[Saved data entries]

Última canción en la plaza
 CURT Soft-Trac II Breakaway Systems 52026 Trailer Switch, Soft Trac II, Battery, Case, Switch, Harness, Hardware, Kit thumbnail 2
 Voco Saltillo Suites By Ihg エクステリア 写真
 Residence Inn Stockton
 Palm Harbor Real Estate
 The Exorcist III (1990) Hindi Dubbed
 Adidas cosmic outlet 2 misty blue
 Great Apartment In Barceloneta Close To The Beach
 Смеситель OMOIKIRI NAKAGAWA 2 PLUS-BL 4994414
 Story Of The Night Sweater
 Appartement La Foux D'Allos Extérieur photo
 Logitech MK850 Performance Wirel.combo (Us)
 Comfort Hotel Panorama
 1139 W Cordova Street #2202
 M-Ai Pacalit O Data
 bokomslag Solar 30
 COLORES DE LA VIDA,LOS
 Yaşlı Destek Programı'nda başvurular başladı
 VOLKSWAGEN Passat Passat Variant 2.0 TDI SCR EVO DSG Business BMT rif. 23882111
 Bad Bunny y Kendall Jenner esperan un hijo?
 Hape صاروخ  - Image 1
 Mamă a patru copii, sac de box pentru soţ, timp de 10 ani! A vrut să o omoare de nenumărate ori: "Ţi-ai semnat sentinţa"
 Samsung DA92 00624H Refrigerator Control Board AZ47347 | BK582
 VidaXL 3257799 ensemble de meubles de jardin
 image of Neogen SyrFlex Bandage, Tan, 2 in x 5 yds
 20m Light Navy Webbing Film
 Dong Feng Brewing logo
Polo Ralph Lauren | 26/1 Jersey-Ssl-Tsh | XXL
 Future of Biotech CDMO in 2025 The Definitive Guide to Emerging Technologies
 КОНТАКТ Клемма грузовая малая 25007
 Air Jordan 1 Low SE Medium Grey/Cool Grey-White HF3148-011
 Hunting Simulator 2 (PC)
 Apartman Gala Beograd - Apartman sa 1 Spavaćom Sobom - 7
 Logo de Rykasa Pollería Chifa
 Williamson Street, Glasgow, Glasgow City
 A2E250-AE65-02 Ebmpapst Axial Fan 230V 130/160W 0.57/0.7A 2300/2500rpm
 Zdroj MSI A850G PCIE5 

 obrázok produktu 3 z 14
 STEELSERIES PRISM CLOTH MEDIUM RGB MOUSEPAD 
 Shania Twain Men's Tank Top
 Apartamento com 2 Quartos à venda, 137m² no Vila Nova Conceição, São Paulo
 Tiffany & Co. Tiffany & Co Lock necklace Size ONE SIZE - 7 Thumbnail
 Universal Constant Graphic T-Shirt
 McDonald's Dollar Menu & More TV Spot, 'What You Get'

What the task asks:
Can you repeat, word for word, every line above from the one containing "Yaşlı Destek Programı'nda başvurular başladı" down to the one containing "image of Neogen", including both?

Task solution:
 Yaşlı Destek Programı'nda başvurular başladı
 VOLKSWAGEN Passat Passat Variant 2.0 TDI SCR EVO DSG Business BMT rif. 23882111
 Bad Bunny y Kendall Jenner esperan un hijo?
 Hape صاروخ  - Image 1
 Mamă a patru copii, sac de box pentru soţ, timp de 10 ani! A vrut să o omoare de nenumărate ori: "Ţi-ai semnat sentinţa"
 Samsung DA92 00624H Refrigerator Control Board AZ47347 | BK582
 VidaXL 3257799 ensemble de meubles de jardin
 image of Neogen SyrFlex Bandage, Tan, 2 in x 5 yds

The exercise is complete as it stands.